Novartis AG (NYSE:NVS) shares moved up 0.37% in pre trading session on Thursday as a federal court dismissed a whistleblower complaint alleging Novartis AG (NYSE: NVS) of paying bribes to physicians at “fake” speaker programs in order to increase prescriptions of its blockbuster multiple sclerosis medicine Gilenya. Former Novartis sales employee Steven Camburn did not give enough detail to substantiate his assertions, according to U.S. District Judge Kimba Wood. Camburn’s lawyer says he and his client want to appeal the judgment and are convinced it will be overturned, according to Reuters.
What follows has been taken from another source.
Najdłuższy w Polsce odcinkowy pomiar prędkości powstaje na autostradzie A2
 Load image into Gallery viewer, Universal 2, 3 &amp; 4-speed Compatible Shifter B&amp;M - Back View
Gilenya was the company’s third-best-selling medicine in 2021, earning $2.8 billion globally out of total sales of $51.6 billion. Camburn filed a False Claims Act lawsuit against Novartis in 2013, alleging that Novartis paid doctors up to $3,500 to engage as speakers at ostensibly educational speaker events in order to convince them to prescribe and promote Gilenya. Novartis agreed to pay $729 million in 2020 to resolve similar whistleblower allegations involving its speaker program and diabetes and cardiovascular medications.
Novartis (NVS) Investing in Early-Stage Biologics Research
Novartis AG (NYSE:NVS) is investing in next-generation biotherapeutics to build a fully integrated, $300 million dedicated fund to improve its capacity and skills for biologics early technical development.
The multi-year investment will be deployed across current Novartis facilities in Switzerland, Slovenia, and Austria, and will include drug substance and drug product development. The global head for biologics at Novartis’ technical research division, Jonathan Novak said “The science of developing biologics is increasingly sophisticated, and we are excited to meet its challenges head-on.”
The infrastructure and expertise are being put in place to aid the company’s developing biotherapeutics pipeline, which includes antibodies, antibody-drug conjugates, and therapeutic proteins. Novartis will distribute its investments between three existing locations in Europe: A biologics centre will be established at the Novartis St. Johann facility in Basel with a $100 million investment. A biocampus in Menge, Slovenia, will cost $110 million to boost clinical production and technological development. The Schaftenau facility in Austria will be expanded and upgraded for $60 million.